◆ DIRECTIONS:
Reproduce the following data exactly, minus any images.

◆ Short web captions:
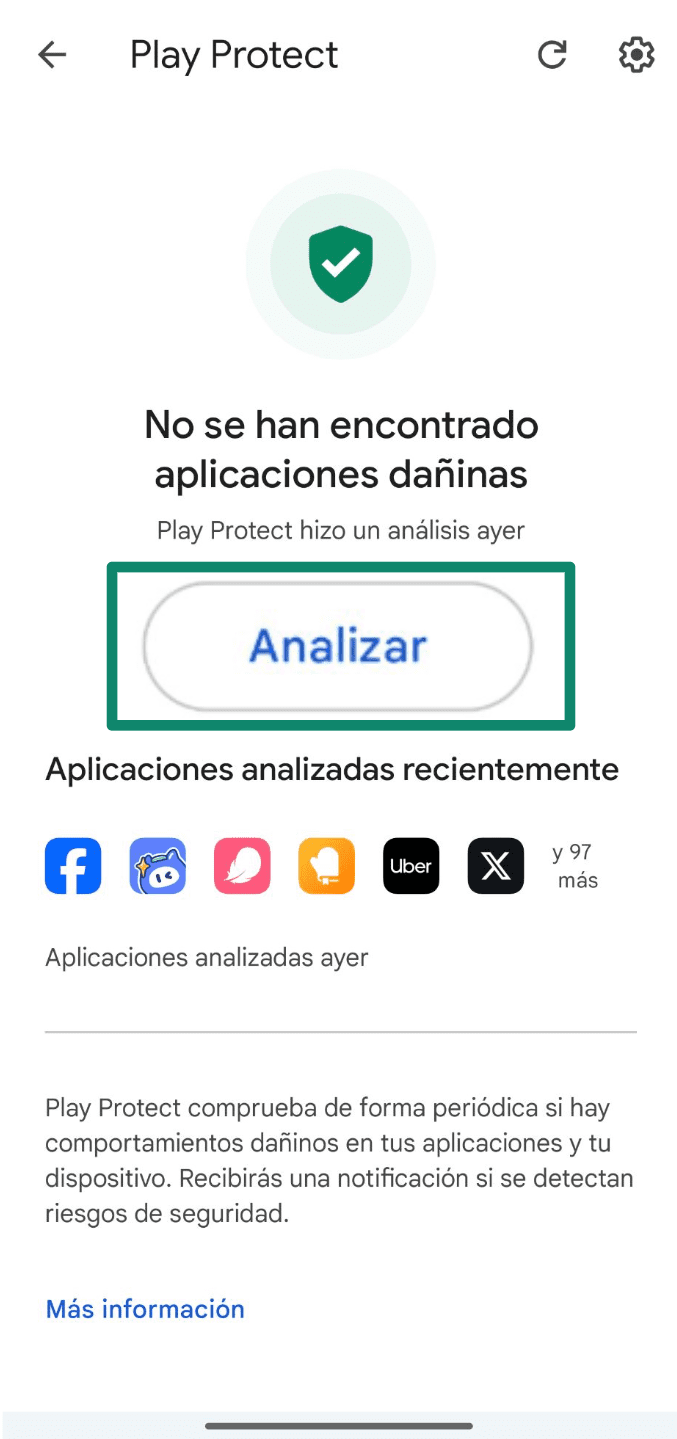 Tap Scan To Check Your Phone Es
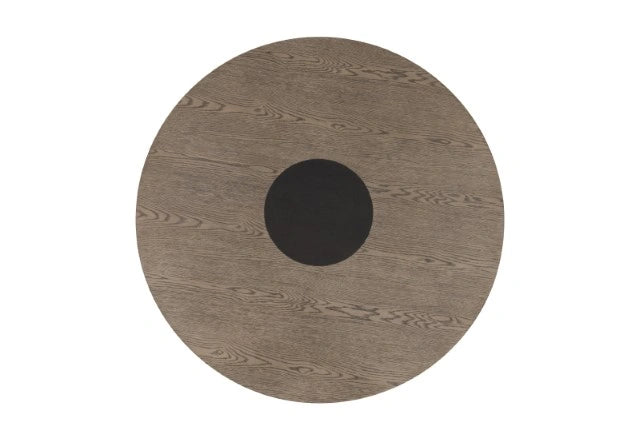 Broager 5 Pc Dining Table Set (White Caster Chairs) Rustic Oak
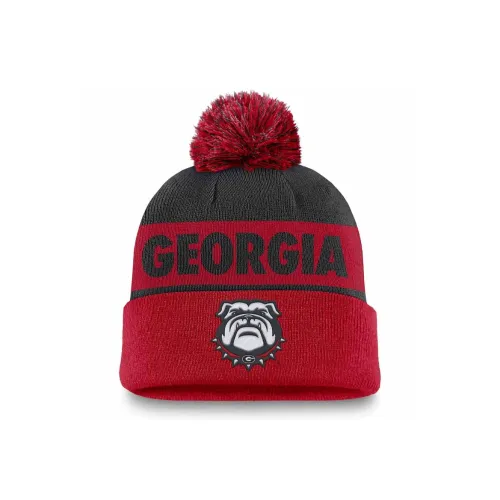 nike Акриловые шапки-бини Мужские Красный Черный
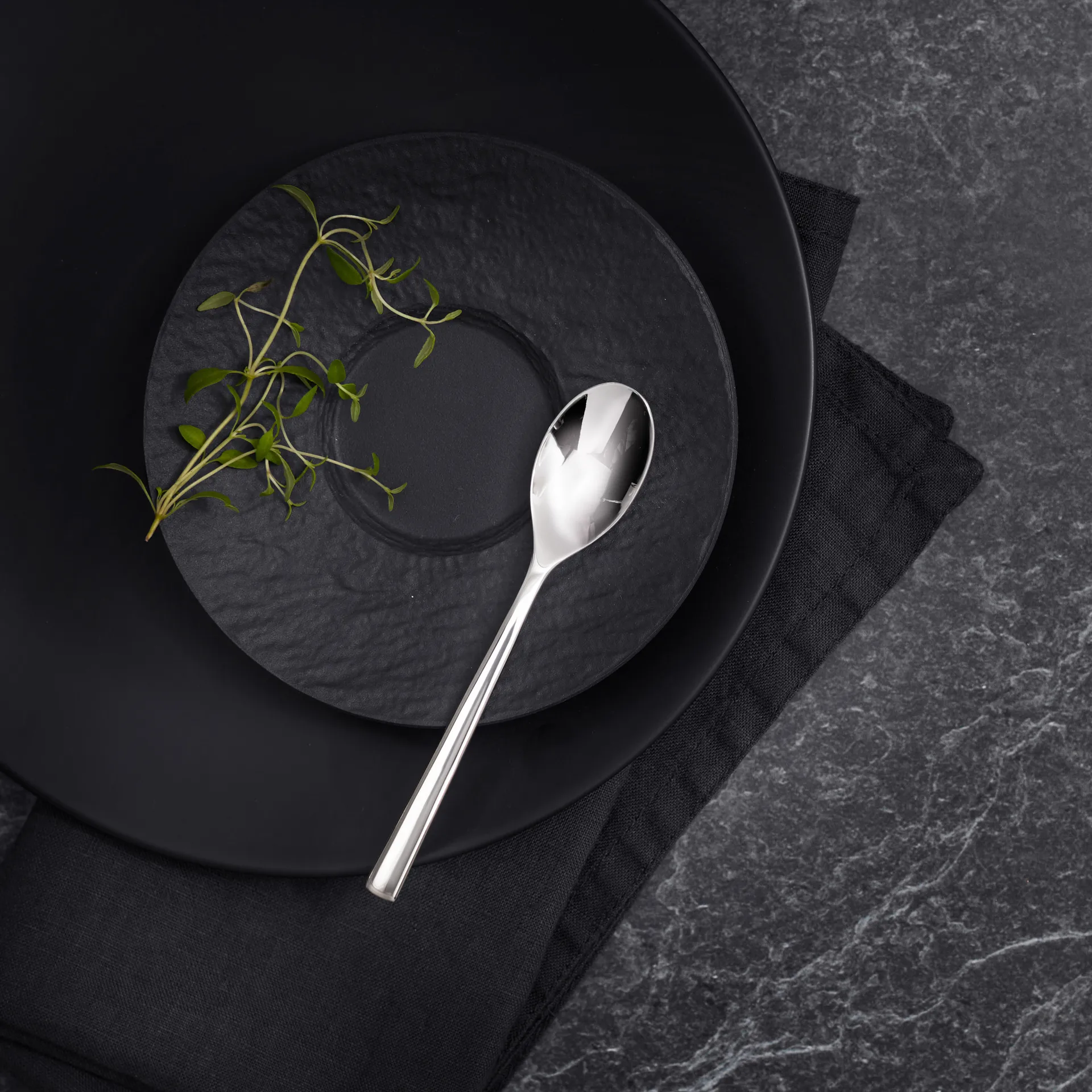 Cuillère à café Blockley Brillant, Acier inoxydable Robert Welch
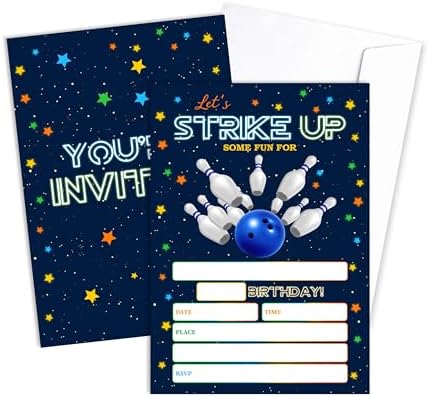 Gaming Birthday Invitations with Envelopes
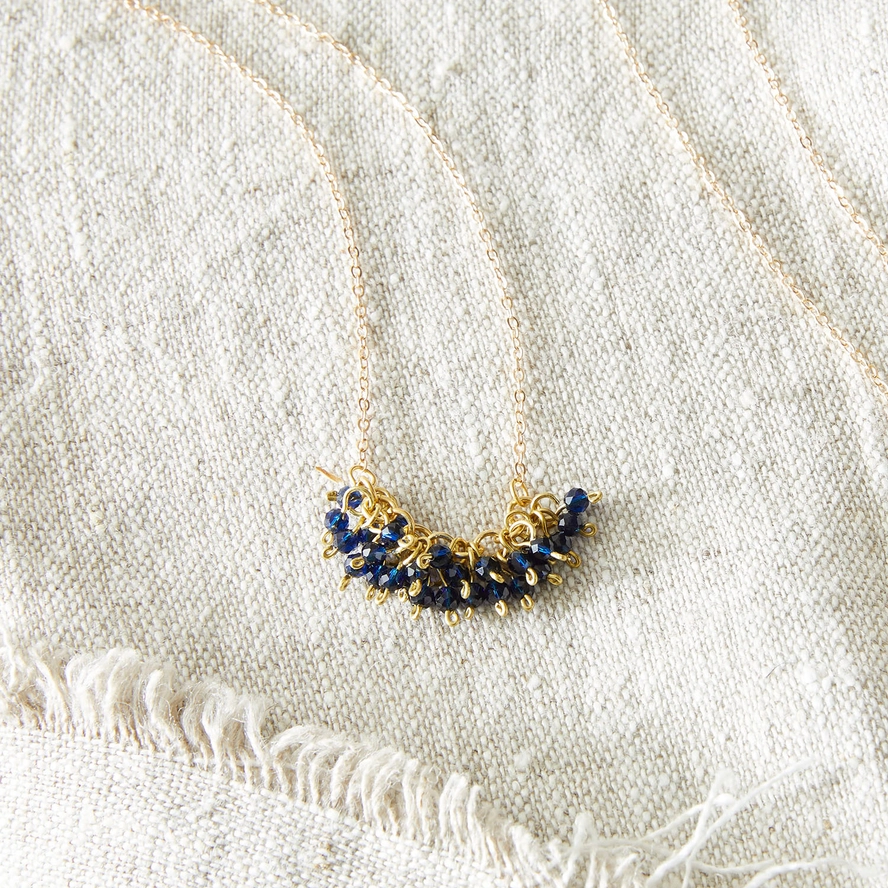 Elizabeth Strand Pendant Necklace - Navy - Image 2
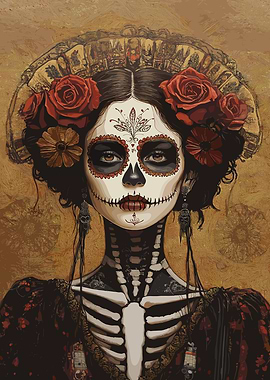 Beautiful Sugar Skull Woman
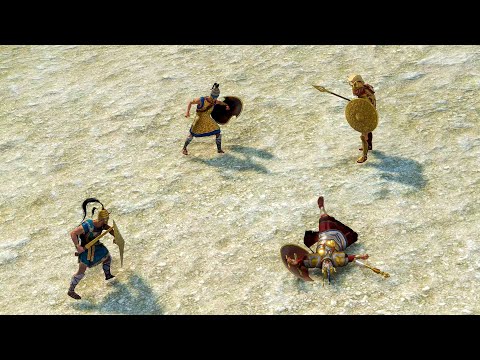 ACHILLES & HECTOR vs 4x HEROES - Total War TROY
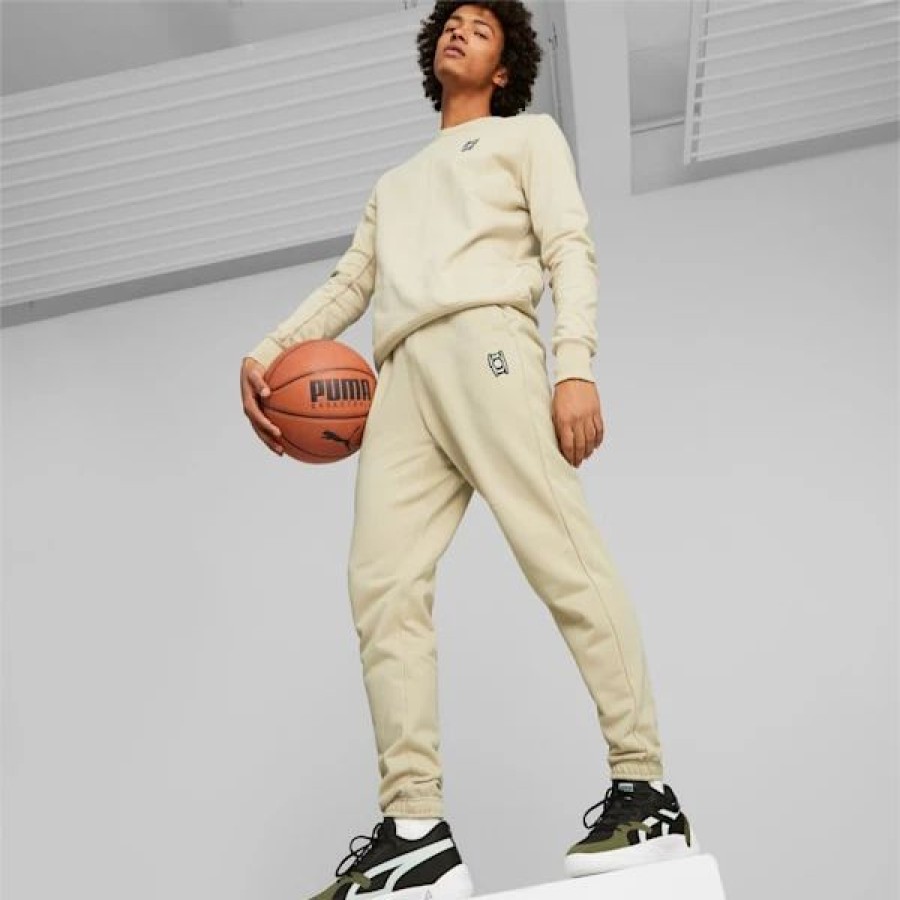 Sports * | Puma Pivot Emb Men'S Basketball Sweatpants Granola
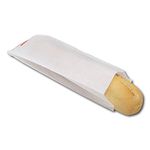 EPOSGEAR 4" x 14" (with 2" side gusset) White Thank You Greaseproof Paper Bags - Ideal for Bread, Baguettes, Batons, Subs, Baked Goods etc (1000)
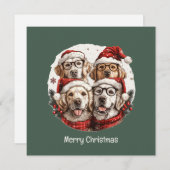 Frohe Weihnachten Golden Retriever Hunde (Vorne/Hinten)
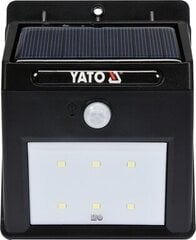 Sieninis šviestuvas su saulės baterija ir judesio davikliu 6 SMD LED Yato (YT-81856) kaina ir informacija | Lauko šviestuvai | pigu.lt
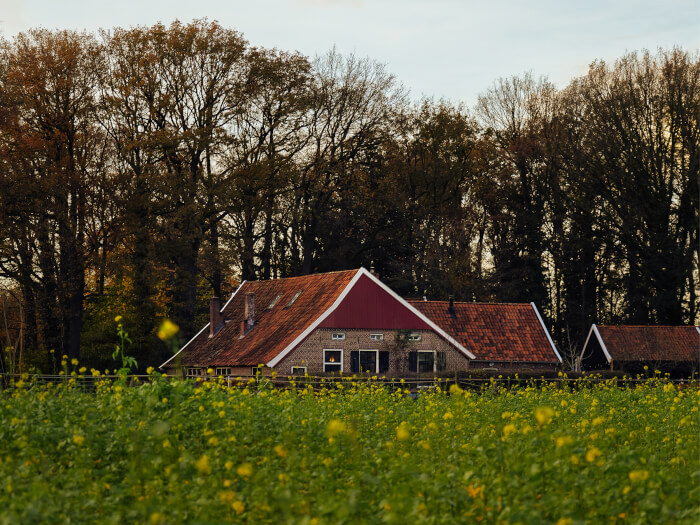 Groepsaccommodatie in Winterswijk (Gelderland) voor 12 personen met 6 slaapkamers en 2 badkamers.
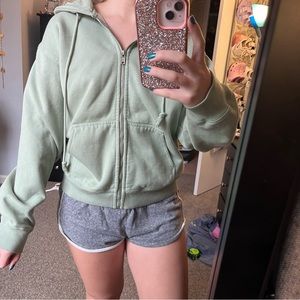 Brandy Melville John galt sage green oversized Christy hoodie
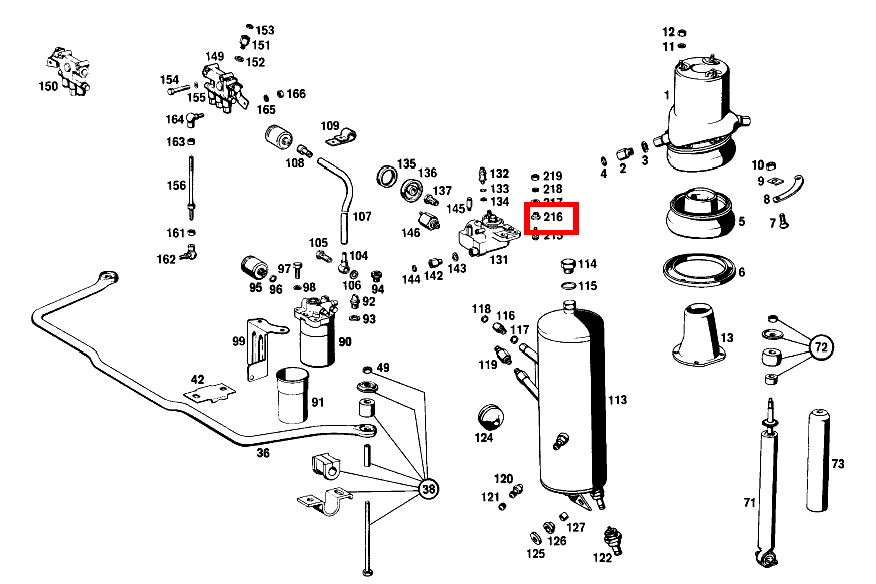 Buchse BOWDENZUG AN HEBEL-VENTILEINHEIT 300 SEL 109 Buchse BOWDENZUG AN HEBEL-VENTILEINHEIT 300 SEL 109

◆ WRITTEN SOLUTION:
 Tap Scan To Check Your Phone Es
 Broager 5 Pc Dining Table Set (White Caster Chairs) Rustic Oak
 nike Акриловые шапки-бини Мужские Красный Черный
 Cuillère à café Blockley Brillant, Acier inoxydable Robert Welch
 Gaming Birthday Invitations with Envelopes
 Elizabeth Strand Pendant Necklace - Navy - Image 2
 Beautiful Sugar Skull Woman
 ACHILLES & HECTOR vs 4x HEROES - Total War TROY
 Sports * | Puma Pivot Emb Men'S Basketball Sweatpants Granola
 EPOSGEAR 4" x 14" (with 2" side gusset) White Thank You Greaseproof Paper Bags - Ideal for Bread, Baguettes, Batons, Subs, Baked Goods etc (1000)
 Frohe Weihnachten Golden Retriever Hunde (Vorne/Hinten)
 Sieninis šviestuvas su saulės baterija ir judesio davikliu 6 SMD LED Yato (YT-81856) kaina ir informacija | Lauko šviestuvai | pigu.lt
 Groepsaccommodatie in Winterswijk (Gelderland) voor 12 personen met 6 slaapkamers en 2 badkamers.
 Brandy Melville John galt sage green oversized Christy hoodie
 Buchse BOWDENZUG AN HEBEL-VENTILEINHEIT 300 SEL 109 Buchse BOWDENZUG AN HEBEL-VENTILEINHEIT 300 SEL 109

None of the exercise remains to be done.